Breeding Out of Season and Farm Tours

This year we are doing something different for the first time in regards to breeding. Or at least it is my first time. Farm Girl has done this procedure many times at work. We are attempting to breed our ewes out of season with the use of CIDR's and PMSG. We've bred ewes out of season before with our Katahdin flock but they are year round breeders so didn't require any help. This flock however, are a commercial flock and though several are crossed with Dorset or are pure Dorset, which are also known for their prolific lambing and out of season breeding, we decided it was best to CIDR them all.

What is CIDRing you ask? Good question. Before Farm Girl started working at her job, I had never heard of it before myself. It stands for Controlled Intravaginal Drug Release. Basically, it is the process of withholding a ewe's heat cycle in order to synchronize estrus cycles in the entire flock. Hence, we will have lambing over a day or two as opposed to weeks or months.


First step is to corral the flock and send them through a chute where they get inserted with a T-shaped plug that kind of reminds me of a tampon.



As we don't have any proper handling equipment, we had to fashion something out of materials we did have.


It worked decent enough but I was left to herd them forward from the behind, which most of them didn't appreciate. Farm Girl was up front and in charge of inserting the CIDR's while Farm Boy handled the release gate.
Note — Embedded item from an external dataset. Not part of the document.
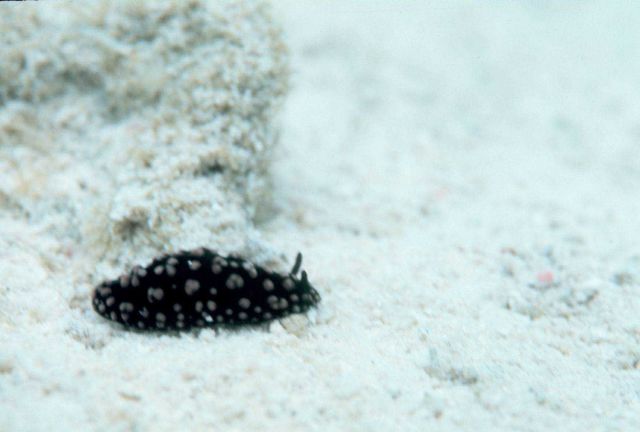 Nudibranch Picture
After inserting a select group of 8 ewes we waited 12 days and then pulled the CIDR's out before injecting them with PMSG which is an injection to help stimulate the ovaries and fertilization and (hopefully) produce more multiple births. We introduced the ram 24 hours later and then repeated the procedure again the next day with another 8 ewes per ram, and then once again the day after that until all ewes were impregnated. By doing this, we are giving the ram less ewes to have to work with and a chance to rest in between each breeding. We fastened a breeding harness on the rams and then left him in with the ewes for a week.
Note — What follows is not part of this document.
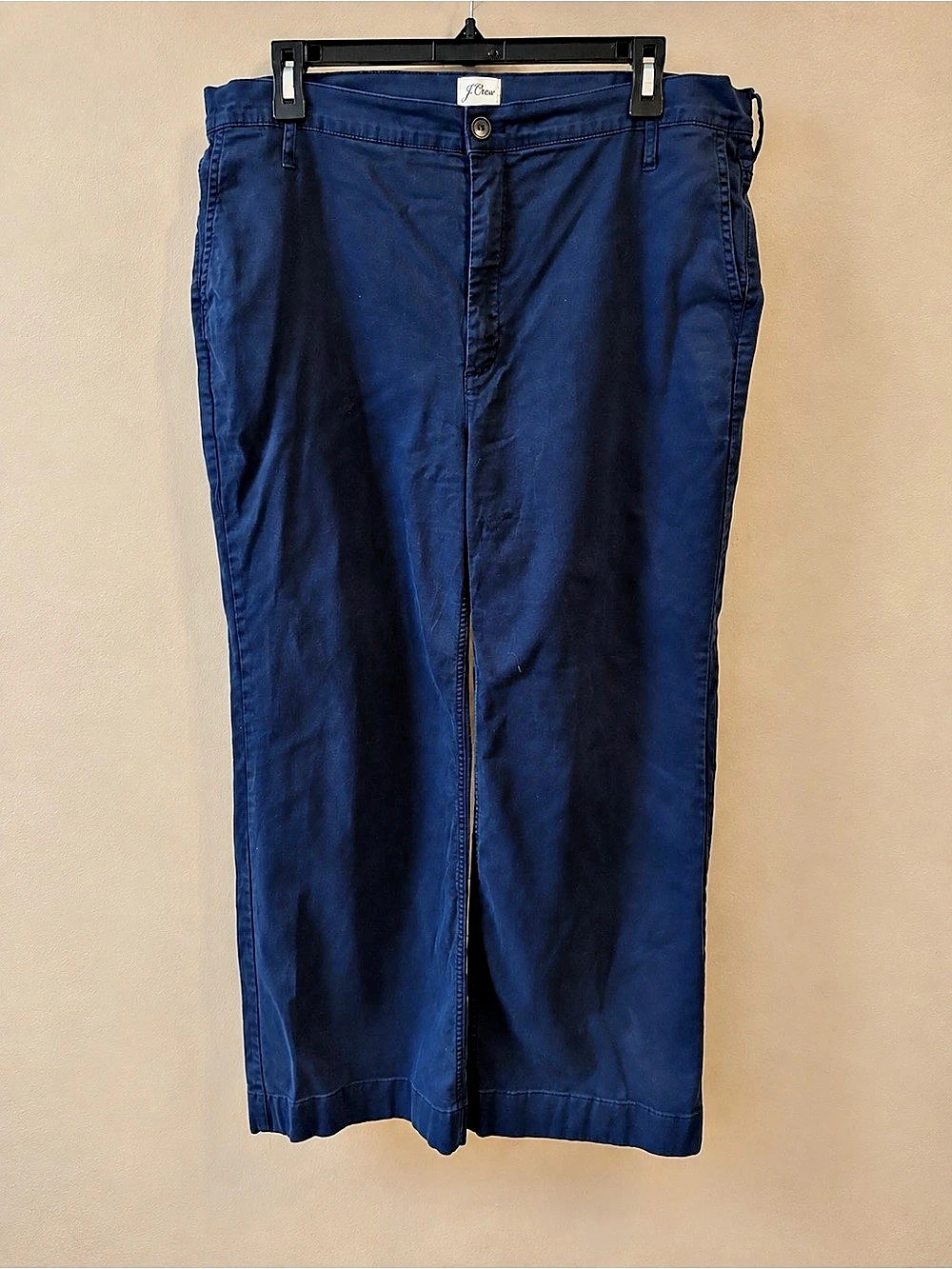 J.Crew Wide Leg Cropped Pants in Blue Size 34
Marked butts indicate he had serviced them.


Now it is just a waiting game. They say that the best you can hope for in an off-season breeding schedule is a 75% success rate. That was news to me. Disappointing news. I have the year all planned out and budgeted for, and a 75% lamb crop at the end of the year was not in the plans.

Sometimes I get overwhelmed or discouraged and think about throwing in the towel. Thankfully, Farm Girl prevents me from following through with that. I know it takes time and perseverance but I allow the stress of it all to take over. Then I hear someone's farm story and their personal struggles to make their farms afloat, and I feel ashamed of myself. Such as this weekend. Me and the kids toured three sheep farms over the weekend and one of the farmers told how he had started out with 200 ewes which after a couple years, he lost them all to scrapie. That is the kind of thing that would make me throw in the towel and call it quit. But not this farmer, he persevered and started over with 75 healthy ewe lambs. It's stories like that which make me hang in and keep on going.
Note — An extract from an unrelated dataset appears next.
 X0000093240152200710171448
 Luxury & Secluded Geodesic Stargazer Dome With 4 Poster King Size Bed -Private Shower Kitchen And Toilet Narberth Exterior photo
As it turned out, his farm was my favorite farm on the tour. He didn't have top notch equipment or
the state-of-the-art facility but he was so well-organized. I loved it. Probably because I feel so swamped and unorganized that his place looked so appealing.

The sheep were kept in the bottom of the old bank barn with an extension built on to the back.


Where most farms use the upstairs of a bank barn to house hay and straw, this farmer utilized the space and put the nursery and replacement lambs up there.

Replacement ewes

The nursery

Charts and clipboards make recording handy and easy


Everything is labeled and packaged. Even the extension cords!
The next farm we toured reminded us of our own farm setup and the potential it could have. Their new barn was directly behind the old bank barn such as our arena is located from our bank barn.

Theirs...
...Ours
The thing I got most excited about on this farm was this...


Do you have any idea how much hauling this elevator could save? Brilliant!

Farm Girl thought it was embarrassing when I took photos of everyone's manure piles.



But it made me feel better about my own big pile of shit. However, I am happy to update on that topic that a nearby farmer has gladly been helping himself to my manure and the pile is coming down considerably.


Just comparing these photos after uploading, I feel a ton of satisfaction.

Saturday, February 25, 2017

Manure


I hear ya Dr. Malcolm. I've been saying the same thing the last couple days.


This is a side to farming I don't often talk about. It must be the city girl in me but I find it disgusting and vulgar and if I could, I'd find a way to bury it underground and out of sight. But alas, animal feces is a major part of farming. The unglamorous part. Not to mention the very difficult, strenuous part. Unlike wealthy established farmers, I don't own the machinery to discard manure properly so am doing it the old fashion way...mucking and hauling it entirely by hand. With a little help from Farm Boy.


We try to clean some of the stalls over winter but it is not easy trying to maneuver a wheelbarrow through deep snow so we have to wait until the first thaw to begin cleaning out the pens entirely. We began with the biggest pen, the sheep run. Why? Because it badly needed it. The image below shows just how deep it had gotten over winter.


It is backbreaking, hand-blistering work. But the real problem is the actual hauling and piling part. We started a pile just on the other side of the barn wall so that we didn't have to haul it far but we still have the problem of piling it. I don't want to have my entire yard covered in a hundred piles of manure so try to stack the manure on top of each other but that' isn't as easy as it sounds. The manure is wet and heavy and rolling a wheelbarrow over it doesn't work. So I laid down an old board to use as a ramp to help dump the load and that seems to be working for now.


Next year I plan on mucking stalls more frequently. Or buy a tractor, a far smarter decision. Now, some farmers would see this huge mass of dung and see a beautiful bounty of fertilizer. But alas, as I don't own a field to make use out of all that rich fertilizer...it remains a big pile of shit.

Wednesday, January 25, 2017

Lambing Season

It is lambing season here on our farm. Half our ewes have lambed out already and we are waiting on the other half. One of the things I enjoy most about sheep farming is going down to the barn first thing in the morning and directly after work to check for new lambs on the ground. So far, our sheep have thrown us lambs nearly once a day for the past two weeks. Some days we'll even have more than the one mom lambing. Unfortunately, however, our lambing rate has only been 1.26. Very disappointing. We're hoping that improves with the remaining half of the ewes waiting to lamb.

That does not diminish how dang cute they are though. A couple photos from the barn.





Remember our bottle lambs from last spring?


This is them now.


Or at least two of them. The ram lamb which we had wanted to use as a future breeding ram, turned out to have an overbite. Not a flaw you want to potentially pass down to your lambs. It also caused him to take longer to gain weight. When he was big enough, we sent him to market. But the girls have turned out very well and we put them in with one of our breeding rams last month so fingers crossed they took.

This is our market lamb pen.


Not much, I know. And only one of them is being sold for meat. The other two (the two standing in the forefront) are both ewes and we really liked the way they developed so keeping them as future breeding ewes. The pen is pretty empty now but it will be nice and full for the Easter market.